Financial stress is building - so the end of QT?

I don't really read other macro thinkers. Generally speaking we are looking at the same data - or should be - so I am better off limiting other people's influence of my analysis. However in my 25 years of working there is one guy I will always read, Christopher Woods over at Jefferies. If he wrote a substack I would be a paying subscriber. Sadly he works at a brokerage so you need to be doing business with Jefferies to get access to his work now - which is a very different decision to signing up to a substack. Why is he worth reading? Well he called the top in the Japanese market.

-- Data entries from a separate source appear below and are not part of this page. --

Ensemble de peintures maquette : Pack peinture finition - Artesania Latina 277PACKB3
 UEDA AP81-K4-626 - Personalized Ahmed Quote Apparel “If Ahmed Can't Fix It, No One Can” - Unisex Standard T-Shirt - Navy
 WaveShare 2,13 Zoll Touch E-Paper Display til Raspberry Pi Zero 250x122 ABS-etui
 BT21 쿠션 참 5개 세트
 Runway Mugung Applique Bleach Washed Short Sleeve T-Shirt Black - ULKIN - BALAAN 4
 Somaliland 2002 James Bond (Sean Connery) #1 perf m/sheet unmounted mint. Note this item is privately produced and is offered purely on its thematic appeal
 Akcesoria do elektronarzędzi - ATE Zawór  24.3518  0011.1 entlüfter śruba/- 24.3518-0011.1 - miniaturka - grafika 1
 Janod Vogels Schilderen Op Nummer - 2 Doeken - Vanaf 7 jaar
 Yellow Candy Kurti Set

Readers of his newsletter, Greed and Fear, will know he was short Fannie Mae and Freddie Mac into the GFC. And he also was bearish into China devaluation fears.in 2015. Like myself he has come to look at global markets via Asia. In general I like to be similarly positioned to Chris - the only caveat to this is he does take liquidity and drawdown risk on his long portfolios which professional money managers cannot do. I mention Chris as I am going to use some of his charts - which I could make myself - but am too lazy to do. Chris has also picked up on financial stress entering the system. Banks are tapping the Standing Repo Facility and SOFR is rising above Fed Fund Rate.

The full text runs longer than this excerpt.